Referring to FIG. 1A, an input communication signal is supplied to a first low pass filter (LPF) 40, and only frequency components, of the input signal, within a range between a higher cut-off frequency f2 (e.g. 3300 Hz) and a lower cut-off frequency f1 (e.g. 300 Hz) pass through the first low pass filter 40. As a result, the frequency spectrum as shown in FIG. 1B is obtained at an output point (A) of the first low pass filter 40. The communication signal output from the first low pass filter 40 is supplied to a modulator 41. The modulator 41 modulates a carrier having a frequency fm based on the communication signal supplied from the first low pass filter 40, so that two frequency spectrums as shown in FIG. 1C are obtained at an output point (B) of the modulator 41. The first frequency spectrum is in a frequency range between (f2-fm) and (f1-fm), and the second frequency spectrum is in a frequency range between (f1+fm) and (f2+fm). The output signal from the modulator 41 is supplied to a second low pass filter 42, and frequency components in only the first frequency spectrum can pass through the second low pass filter 42. As a result, a frequency spectrum as shown in FIG. 1D is obtained at an output point (C) of the second low pass filter 42. That is, this scrambler outputs an inverted signal having a frequency spectrum as shown in FIG. 1D.

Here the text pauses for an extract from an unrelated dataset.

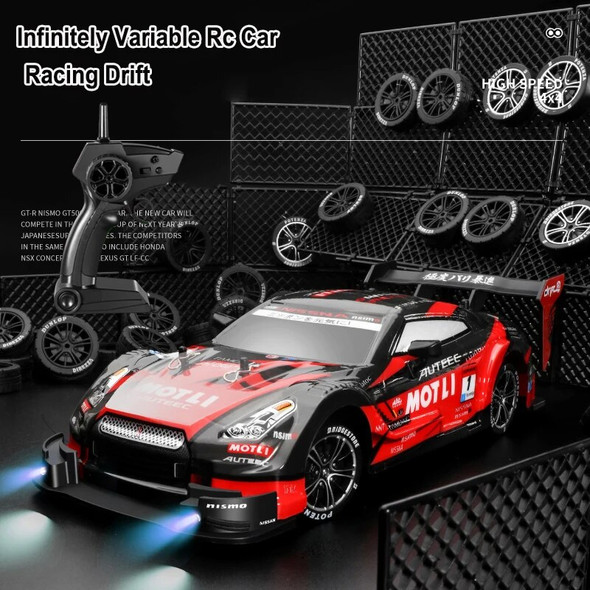 2024 New Half-scale Four-wheel Drive GTR Remote Control Car 4×4 Drive 30km/h High Speed Drift 2.4G CVT RC Car Toy Boy Toy Gift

The inverted signal output from the scrambler is modulated in accordance with a frequency modulation (FM) process at a radio frequency of a radio channel, and the modulated signal is transmitted, as a radio signal, via the radio channel. The radio signal is demodulated in a receiver, and then the signal having the inverted frequency spectrum is modulated based on the carrier (fm), so that the signal having an original frequency spectrum is restored. Then the communication signal is obtained.
There are various well-known scrambling manners other than the above frequency inversion method, referred to, for example, as a method in which the radio channel is changed during communication.
FIG. 2 shows a conventional cordless phone system capable of scrambling communication signals.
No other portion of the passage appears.